Floppytable keeps the floppy disk alive in coffee table form
By Dave Parrack
November 29, 2012
Floppy disks are a rare sight these days, having been superseded by much more efficient data storage media. Still, they enjoyed a long life, becoming commercially available in 1971 and still being used 30 years later. Now, they're enjoying retirement, but just because a product is no longer cutting edge doesn't mean its better qualities should be dismissed out of hand. And floppy disks have certain design qualities that, as it turns out, make for a rather interesting coffee table.
Created by Neulant van Exel, a Berlin-based design duo comprised of an architect and a sculptor, Floppytable sees the floppy disk blown up to epic proportions given a set of sturdy legs. The result is a rather attractive (though admittedly industrial) coffee table which would make the perfect centerpiece to any computer geek's living room.
The devil is in the detail though, and Floppytable has all the small elements that those of us who used floppy disks for many years will enjoy noticing.
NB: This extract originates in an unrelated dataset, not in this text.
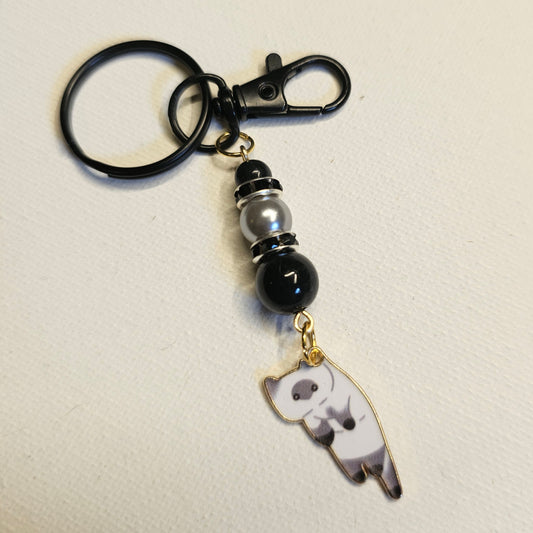 White, Gray, and Black Kitten Keychain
The thin metal shutter has made it in to the design of the table, and it actually moves from side to side to hide/reveal a secret compartment perfect for storing remote control units. Also present are the arrows and notches that most people probably didn't even pay attention to when they formed part of the disk. It's a little harder not to notice them when they're an integral part of your coffee table.
Made from a combination of hot-rolled steel and stainless steel Floppytable measures 70 cm wide x 45 cm tall x 65 cm deep (28" x 18" x 26") and is available to buy as a special order from Neulant van Exel for €720 (US$930) plus shipping.